__Work to be completed__
Below are records with pictures in them. Transcribe everything from the line containing "Kuchenka indukcyjna z piekarnikiem" down to the line containing "08.12.2024 - St.", exactly, and leave the pictures behind.

__Record excerpts__
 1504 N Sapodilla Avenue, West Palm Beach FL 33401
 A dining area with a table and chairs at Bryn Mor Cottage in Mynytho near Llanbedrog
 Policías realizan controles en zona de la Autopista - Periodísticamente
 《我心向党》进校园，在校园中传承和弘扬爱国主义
...
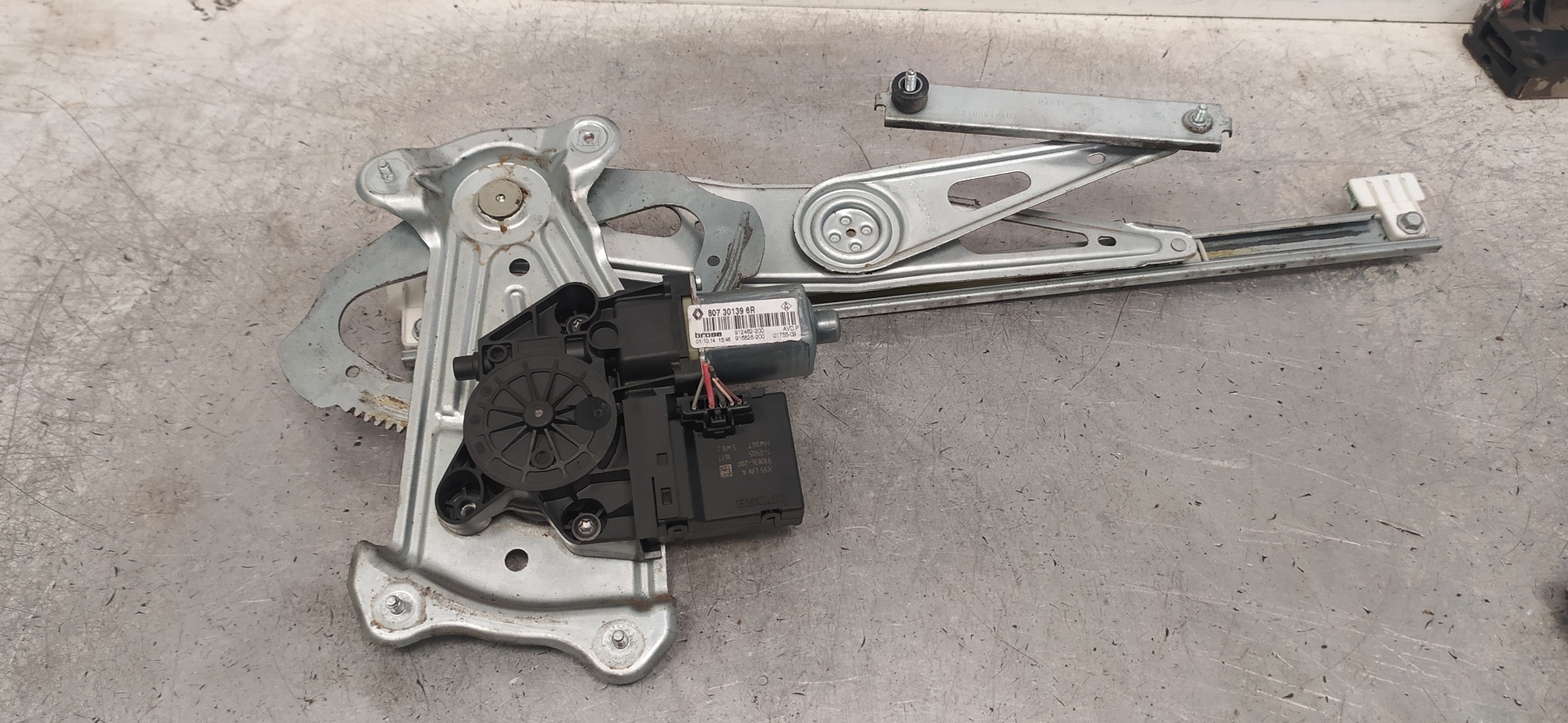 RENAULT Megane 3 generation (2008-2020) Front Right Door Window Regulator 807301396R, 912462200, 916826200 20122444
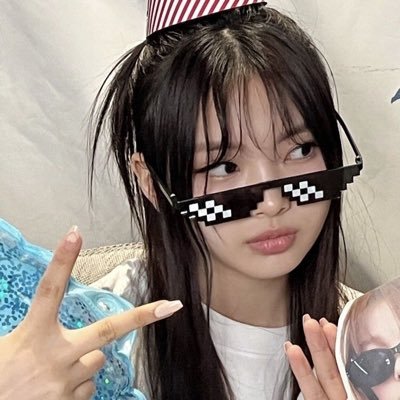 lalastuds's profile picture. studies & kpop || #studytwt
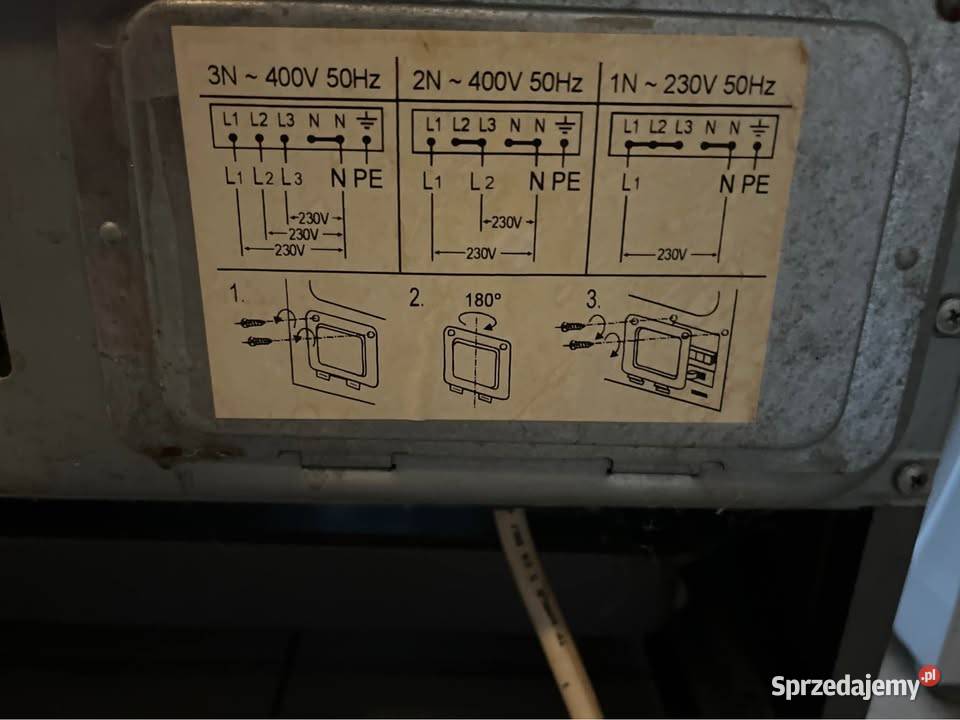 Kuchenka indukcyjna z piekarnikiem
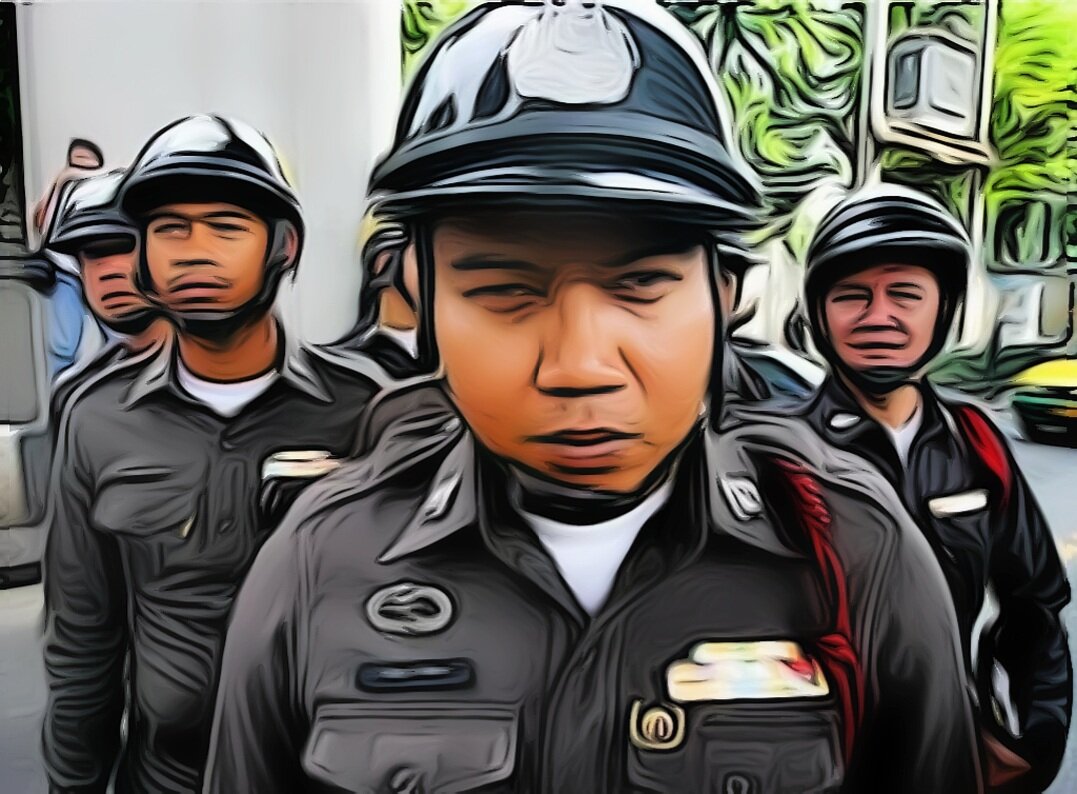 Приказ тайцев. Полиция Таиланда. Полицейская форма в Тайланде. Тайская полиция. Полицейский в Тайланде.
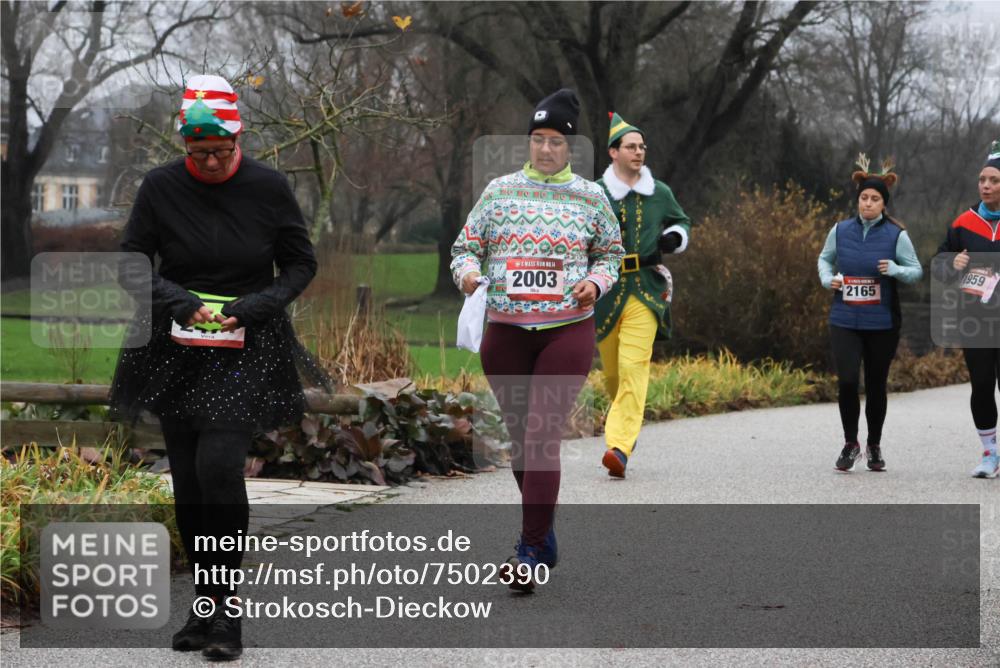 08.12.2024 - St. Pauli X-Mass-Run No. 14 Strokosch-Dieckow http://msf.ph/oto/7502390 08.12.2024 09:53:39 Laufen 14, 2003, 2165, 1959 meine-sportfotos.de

__Problem solution__
 Kuchenka indukcyjna z piekarnikiem
 Приказ тайцев. Полиция Таиланда. Полицейская форма в Тайланде. Тайская полиция. Полицейский в Тайланде.
 08.12.2024 - St. Pauli X-Mass-Run No. 14 Strokosch-Dieckow http://msf.ph/oto/7502390 08.12.2024 09:53:39 Laufen 14, 2003, 2165, 1959 meine-sportfotos.de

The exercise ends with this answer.